Love & Friendship (2016)

June 2nd, 2016
Author: Meredith Taylor

Writer|Director: Whit Stillman   Novella: Jane Austen

Cast: Kate Beckinsale, Chloe Sevigny, Xavier Samuel, Emma Greenwell, Justin Edwards, Tom Bennett, Morfydd Clark, Jemma Redgrave, James Fleet, Stephen Fry, Conor Lambert, Jenn Murray

92min | Drama | US

Kate Beckinsale plays the quintessential English coquette in Whit Stillman’s witty screen adaptation of Jane Austen’s Lady Susan. Tripping lightly and astringently through this little-known and long-unpublished epistolary novella, Beckinsale is joined by a caustic cast of sterling British acting talent in the shape of Stephen Fry, Jemma Redgrave and Tom Bennett with transatlantic twists from Chloë Sevigny and Emma Greenwell.

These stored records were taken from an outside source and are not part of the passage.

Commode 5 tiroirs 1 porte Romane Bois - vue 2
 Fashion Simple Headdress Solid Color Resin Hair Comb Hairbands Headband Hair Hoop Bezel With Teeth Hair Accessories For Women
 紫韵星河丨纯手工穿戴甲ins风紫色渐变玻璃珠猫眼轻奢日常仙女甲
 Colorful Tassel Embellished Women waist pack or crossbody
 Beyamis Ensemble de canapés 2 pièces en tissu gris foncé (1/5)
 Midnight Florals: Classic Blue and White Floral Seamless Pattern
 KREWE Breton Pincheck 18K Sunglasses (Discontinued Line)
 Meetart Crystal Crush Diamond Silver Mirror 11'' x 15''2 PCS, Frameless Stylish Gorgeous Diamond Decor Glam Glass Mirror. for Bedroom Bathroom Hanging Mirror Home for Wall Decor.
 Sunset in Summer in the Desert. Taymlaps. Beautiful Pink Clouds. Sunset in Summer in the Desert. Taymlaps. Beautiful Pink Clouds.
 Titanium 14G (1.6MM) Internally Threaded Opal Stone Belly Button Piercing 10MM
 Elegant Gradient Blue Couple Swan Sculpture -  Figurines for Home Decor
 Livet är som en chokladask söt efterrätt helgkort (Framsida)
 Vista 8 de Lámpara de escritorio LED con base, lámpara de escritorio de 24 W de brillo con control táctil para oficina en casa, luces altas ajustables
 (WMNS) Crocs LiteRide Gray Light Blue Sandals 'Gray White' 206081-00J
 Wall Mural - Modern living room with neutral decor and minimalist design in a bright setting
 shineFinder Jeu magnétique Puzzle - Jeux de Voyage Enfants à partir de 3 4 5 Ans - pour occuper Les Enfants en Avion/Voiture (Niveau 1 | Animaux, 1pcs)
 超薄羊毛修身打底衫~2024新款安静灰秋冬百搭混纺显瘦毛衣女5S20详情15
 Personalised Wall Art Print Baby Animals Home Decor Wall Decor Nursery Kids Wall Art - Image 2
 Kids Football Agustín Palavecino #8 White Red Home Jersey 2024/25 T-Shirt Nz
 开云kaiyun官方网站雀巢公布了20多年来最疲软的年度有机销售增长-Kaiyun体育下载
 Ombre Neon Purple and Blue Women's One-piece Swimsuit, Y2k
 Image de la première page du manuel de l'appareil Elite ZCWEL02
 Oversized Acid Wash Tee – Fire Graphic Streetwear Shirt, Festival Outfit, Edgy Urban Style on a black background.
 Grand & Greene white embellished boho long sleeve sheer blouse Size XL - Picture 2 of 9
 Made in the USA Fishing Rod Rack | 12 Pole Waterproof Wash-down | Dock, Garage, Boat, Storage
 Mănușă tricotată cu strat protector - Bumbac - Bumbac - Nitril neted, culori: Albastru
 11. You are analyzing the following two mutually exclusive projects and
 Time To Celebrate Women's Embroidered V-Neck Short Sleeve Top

And this is no staid period drama but a spritely, often hilarious, comedy of manners that follows the newly widowed machiavellian adventurist, Lady Susan Vernon, through a risqué game of shrewd social ritual to redemption in the arms of a malleable replacement suitor. With his well-known comedies Last Days of Disco and Metropolitan, Stillman has proved to be a dab hand at distilling delicious drama from urbane society. And Kate Beckinsale is at her best yet, back in a literary role that she handles with delicious aplomb (occasionally echoing the TV mannerisms of Nigella Lawson) and hopefully ushering in a return to a genre she does best.

The story opens with Lady Susan on the verge of leaving the household of “a divinely attractive” but irritatingly married Lord Manwaring, introduced by caption but ever to remain silent on screen,  glowering with lustful intent in a walk-on part. In order to clear the path for her indiscretions in the homes of suitable friends and connections, Susan has despatched her daughter Frederica (Morfydd Clark) to finishing school in London, while she plots her next incursion into her late husband’s family, alighting on the coltish charms of a young in-law, Reginald DeCourcy (Xavier Samuel).

Her partner in crime in these adventures is one Alicia Johnson (a discreet Chloe Sevigny, her sidekick from Last Days) who is married to Stephen Fry’s staid statesman who is, inconveniently, also the guardian of Lord Manwaring’s wittering wife Lady Lucy (Jenn Murray).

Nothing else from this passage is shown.